Fed up, Mills sat down one night with the coupon flyer to her local grocery store and an Excel spreadsheet, and started to make a meal plan and budget based on the weekly specials.
“It was through that whole process of realizing how much better life was during the week when I was organized,” Mills said. “I started sharing it with friends and family, and the next thing I knew I had this growing email list of people I didn’t know who wanted to get the email of that ‘Market Basket menu’ I did.”
Users wanting to subscribe have to register on the website for a monthly fee of $4. Mills said that this option is more financially attainable for a family than the popular and expensive box meal companies like Blue Apron.

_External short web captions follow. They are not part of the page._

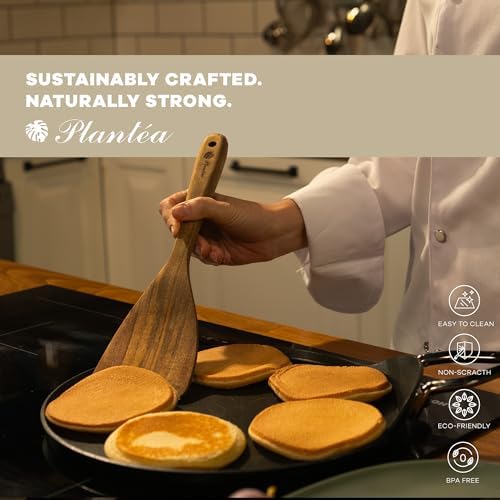 Wooden Spatula for Cooking – Premium Acacia Wooden Cooking Utensils Set of 4 for Nonstick Cookware – Heat Resistant, Scratch-Free & Durable Kitchen Tools with Comfortable Grip - Image 3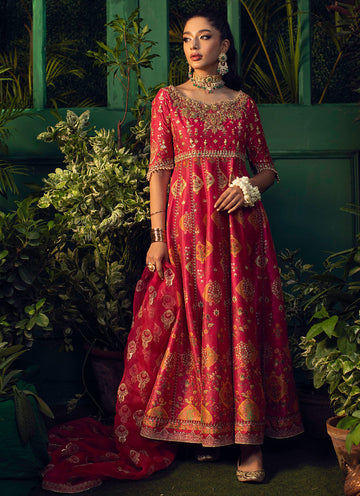 RANA SCARLETT KALIDAR WITH PURE ORGANZA BAALI EMBROIDERED DUPATTA - Farah Talib Aziz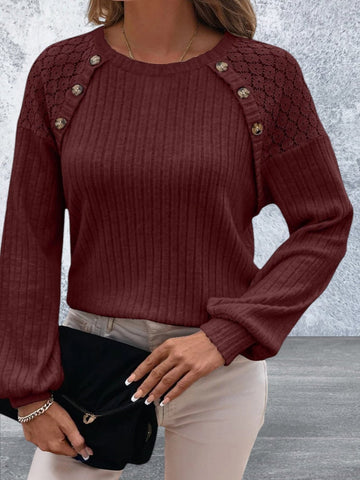 Womens Long Sleeve Round Neck Knit Top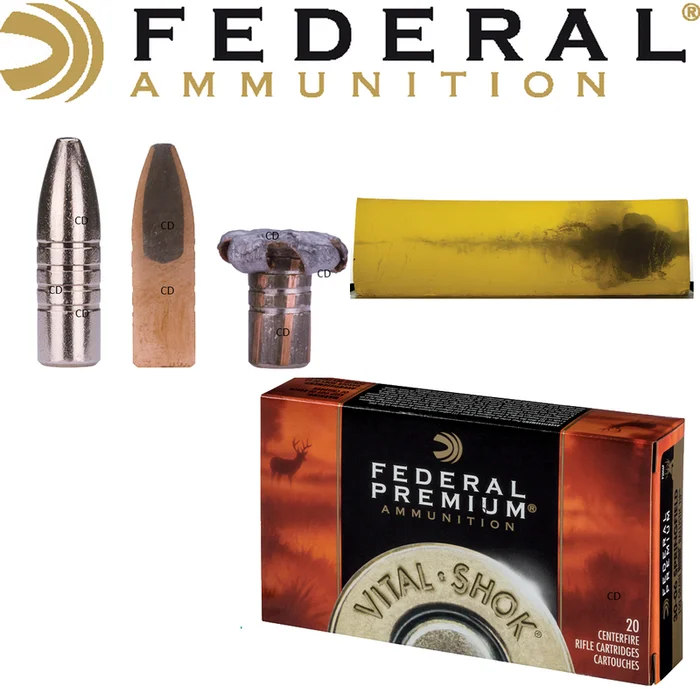 BALLES FEDERAL TROPHY BONDED BEAR CLAW VITAL SHOK 7mm Rem Mag 175 Grains PAR 20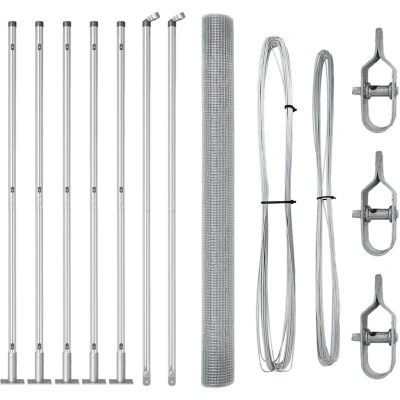 Image of vidaXL Fence Post Set of 2 Galvanised steel 10 x 1.5 m Durable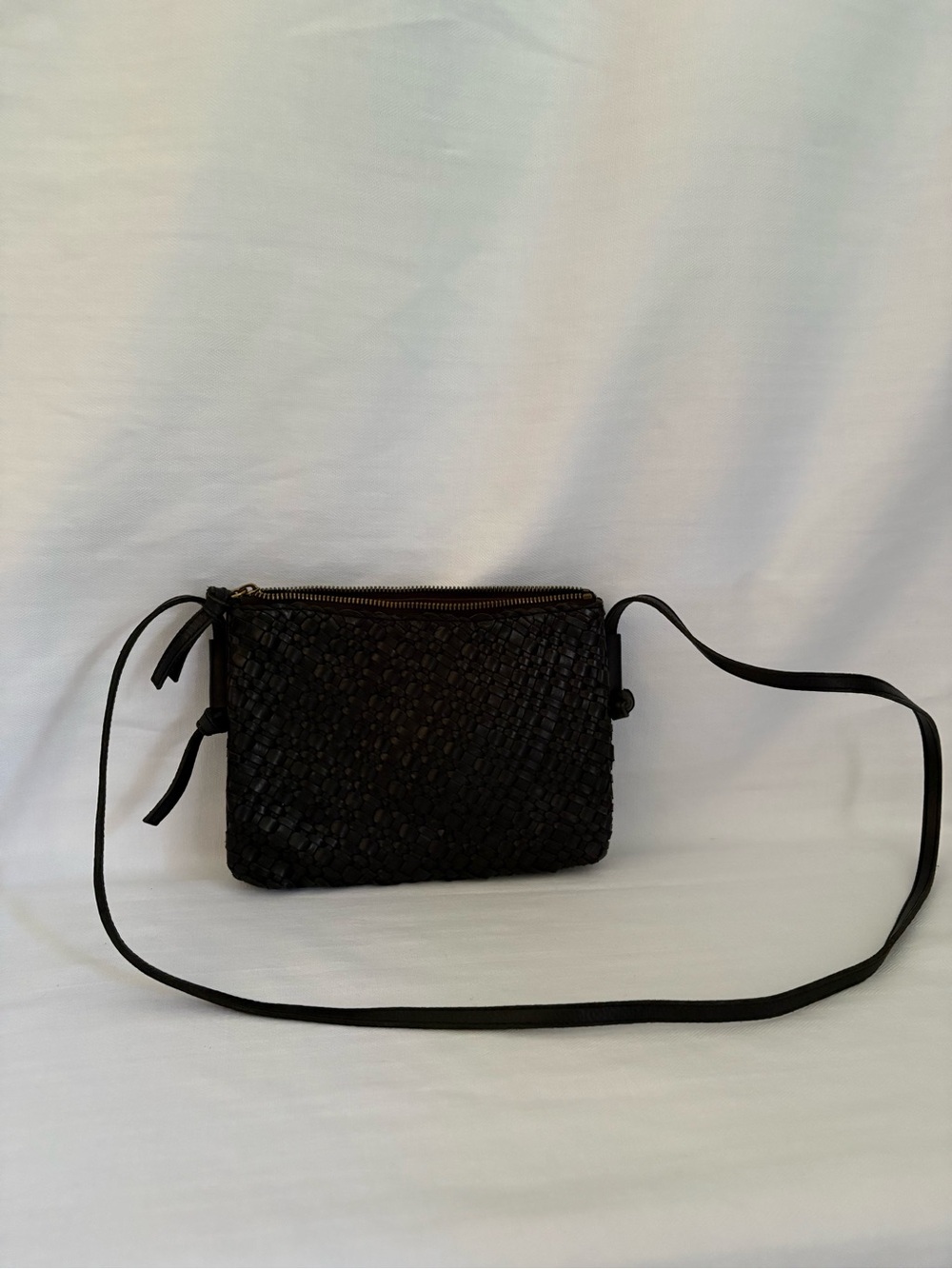 Madewell Woven Leather Crossbody Bag - Black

Users can then pick their menu preferences such as what meats they eat or if they have an allergen or dietary restriction.

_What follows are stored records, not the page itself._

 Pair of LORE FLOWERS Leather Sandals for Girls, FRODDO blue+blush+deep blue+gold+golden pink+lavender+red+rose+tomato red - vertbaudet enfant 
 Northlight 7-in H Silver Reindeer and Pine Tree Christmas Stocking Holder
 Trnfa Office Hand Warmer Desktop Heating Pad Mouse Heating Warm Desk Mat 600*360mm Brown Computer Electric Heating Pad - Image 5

The recipes are all created in-house, and are healthy and easy to make, according to Mills. If a user doesn’t like one of the recipes for that week or doesn’t feel like eating fish per say, the menus come with recipes to swap out.
Sally Harris, a friend of Mills, took over the product development at The Dinner Daily in late 2015, bringing her background in marketing and product management at Apple to the table. When Harris joined the company, menus were still overwhelmingly being crafted by hand.
“When I started out, it would take a human being about two and a half hours to make a menu for a different store,” Harris said. “Obviously that doesn’t scale very well. From a technology perspective, what we tried to do was build a system to capture the human logic.”
Harris and Mills took the time to add in the steps that they would use personally to craft menus for their own dinner tables such as never repeating a recipe within an eight-week time span, only using familiar ingredients, and never pairing different elements that needed to cook at differing oven temperatures.
Currently, the service covers about 60 percent of the grocery store chains in the country and is offered as an employee benefit at over 100 companies, according to Mills. She wants to make that number 75 percent by the end of 2018.
“Our goal is to become that mainstream service that everyone will use,” Mills said.